The Modern Mathematics of Deep Learning

The Modern Mathematics of Deep Learning(arxiv.org)

276 points by tims457 5 years ago | 70 comments

It seems like this can leave the reader with the wrong impression. Calculus really is "the mathematics of Newtonian physics". This is just "some mathematics that might help a bit in your intuitions of deep learning".

IE, Deep learning is fundamentally just about getting the mathematically simple but complex and multi-layerd "neural networks" to do stuff. Training them, testing them and deploying them. There are many intuitions about these things but there's no complete theory - some intuitions involve mathematical analogies and simplifications while other involve "folk knowledge" or large scale experiments. And that's not saying folks giving math about deep learning aren't proving real things. It's just they characterizing the whole or even a substantial part of such systems.

It's not surprising that a complex like a many-layered Relu network can't fully characterized or solved mathematically. You'd expect that of any arbitrarily complex algorithmic construct.
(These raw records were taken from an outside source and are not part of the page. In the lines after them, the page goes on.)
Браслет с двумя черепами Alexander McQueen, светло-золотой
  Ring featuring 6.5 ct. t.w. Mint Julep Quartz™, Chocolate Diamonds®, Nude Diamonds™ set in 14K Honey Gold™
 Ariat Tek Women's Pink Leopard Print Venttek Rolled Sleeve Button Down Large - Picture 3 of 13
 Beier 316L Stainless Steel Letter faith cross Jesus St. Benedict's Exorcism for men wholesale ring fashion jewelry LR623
Differential equations of many variables and arbitrary functions also can't have their solutions fully characterized.

fogof 5 years ago | |

As a PhD student who sort of burned out on this type of research, I agree that the complexity of Neural Networks as a mathematical construct makes them very difficult to analyze. This might also have to do with Deep learning theory being a subset of learning theory which is subject to "No Free Lunch" [1], which means that you always have to be very careful not to try to prove something that turns out to be impossible.

That being said, research on the Kernel regime is one of the very cool ideas, in my opinion, to gain traction in this field in the past few years. To summarize: "If you make a neural network wide enough, it gains the power to control its output on each individual input separately, and will begin to fit its training data perfectly". Of course, the real pleasure is in understanding all the mathematical details of this statement!

[1] : https://en.wikipedia.org/wiki/No_free_lunch_theorem

joe_the_user 5 years ago | | |

I got my master's years ago so now I'm a strict amateur. That said, I don't think the "No free lunch theorem" is very "interesting". It's nearly tautological that no approximation method works for "any" function. The set of predictable/interesting/useful/"real-world" functions is going to have measure 0 compared to white noise so "any function" will basically look like white noise and can't be predicted. Approximating functions/sequences with vanishingly low Kolmogorov complexity is more interesting, impossible in general by Godel's theorem but what's the case "on average"? (depends on the choice process and so ill-defined but defining might be interesting). The kernel regime stuff looks interesting but I don't know it's relation to wide networks.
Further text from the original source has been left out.